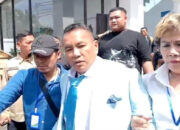 Hotman Paris Hutapea Tiba-tiba Jatuh Sakit Lawan Razman Nasution di PN Jakarta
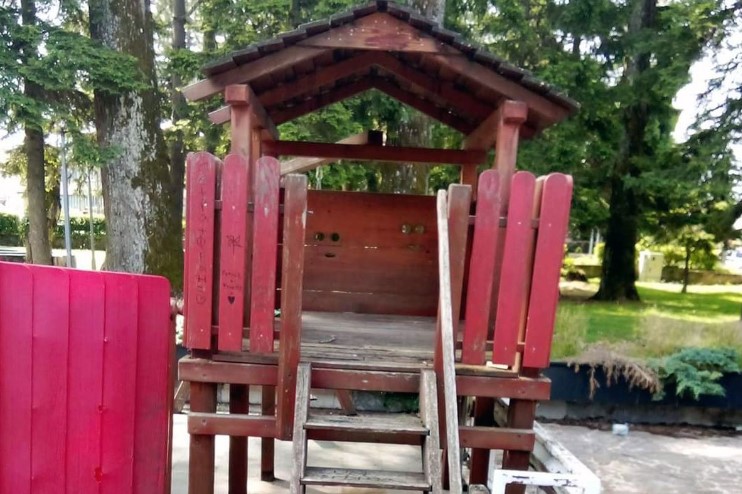 Povratnik zaprepašten: “Ubi Srbina” i kukasti krst na dječijem igralištu FOTO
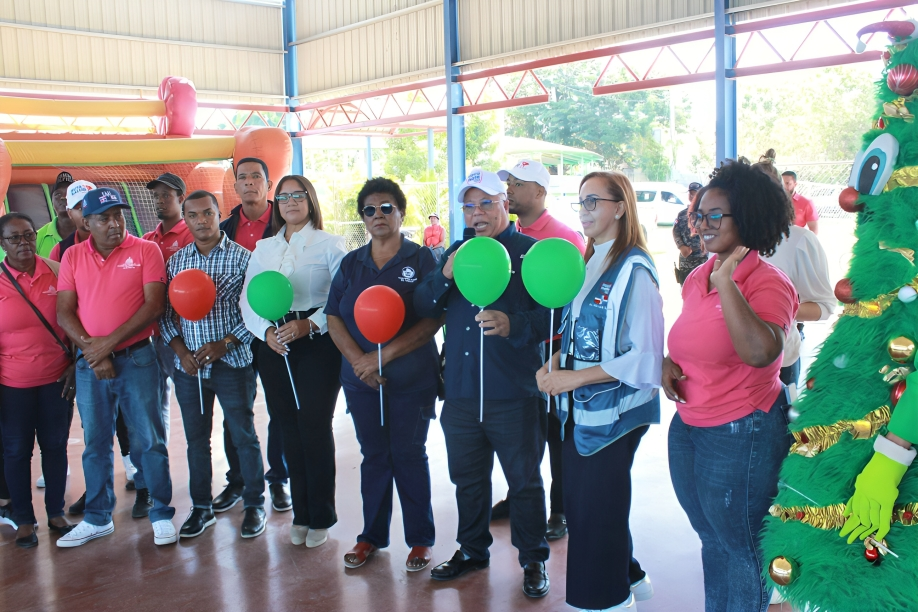 Ministerio de Salud Realiza “Vacunatón” en Elías Piña para Proteger a la Población Infantil contra 17 Enfermedades Ministerio de Salud Realiza “Vacunatón” en Elías Piña para Proteger a la Población Infantil contra 17 Enfermedades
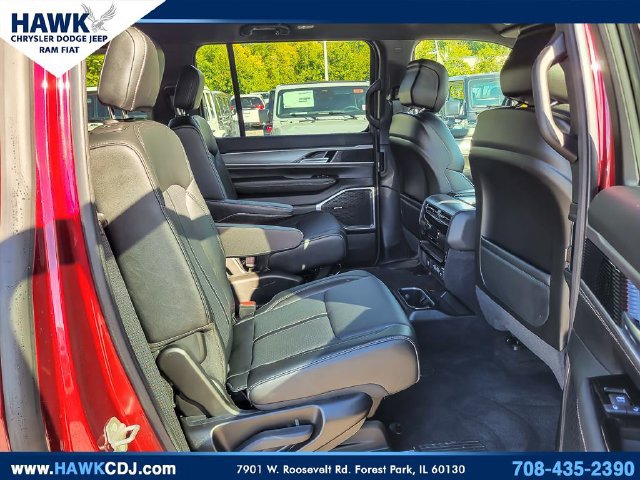Used 2026 Jeep Grand Wagoneer Limited AWD/4WD image 29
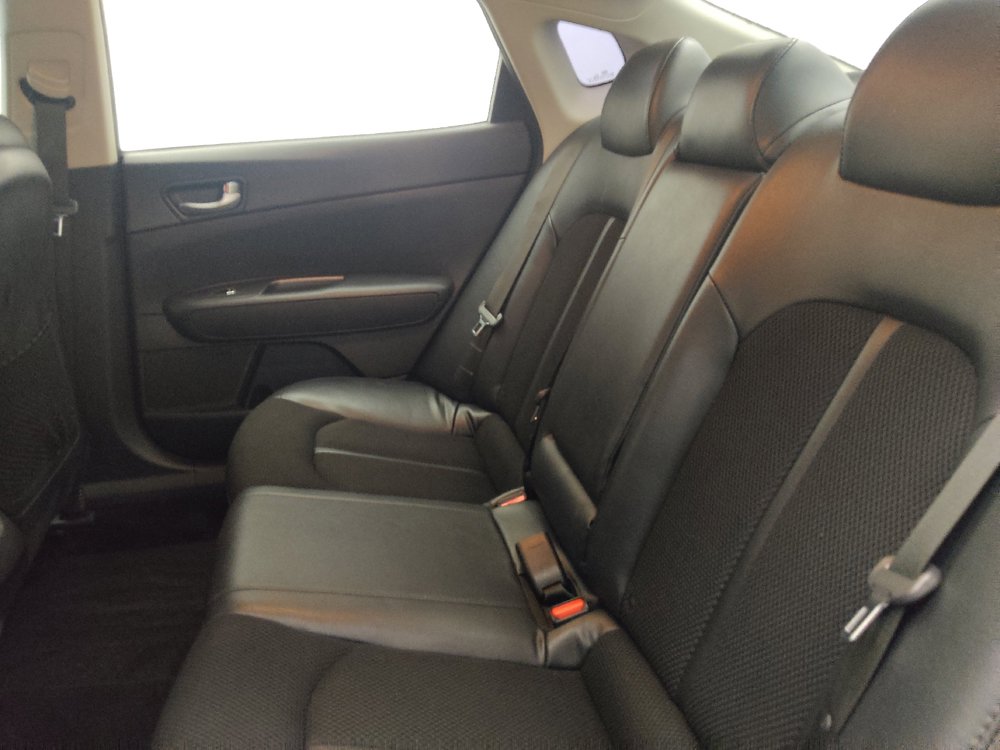 Used 2019 Kia Optima S FWD image 18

* Required work:
Set down word for word the lines from the opening of the entries above through the line that contains "Used 2026 Jeep", and omit every picture.

* Written solution:
 Hotman Paris Hutapea Tiba-tiba Jatuh Sakit Lawan Razman Nasution di PN Jakarta
 Povratnik zaprepašten: “Ubi Srbina” i kukasti krst na dječijem igralištu FOTO
 Ministerio de Salud Realiza “Vacunatón” en Elías Piña para Proteger a la Población Infantil contra 17 Enfermedades Ministerio de Salud Realiza “Vacunatón” en Elías Piña para Proteger a la Población Infantil contra 17 Enfermedades
Used 2026 Jeep Grand Wagoneer Limited AWD/4WD image 29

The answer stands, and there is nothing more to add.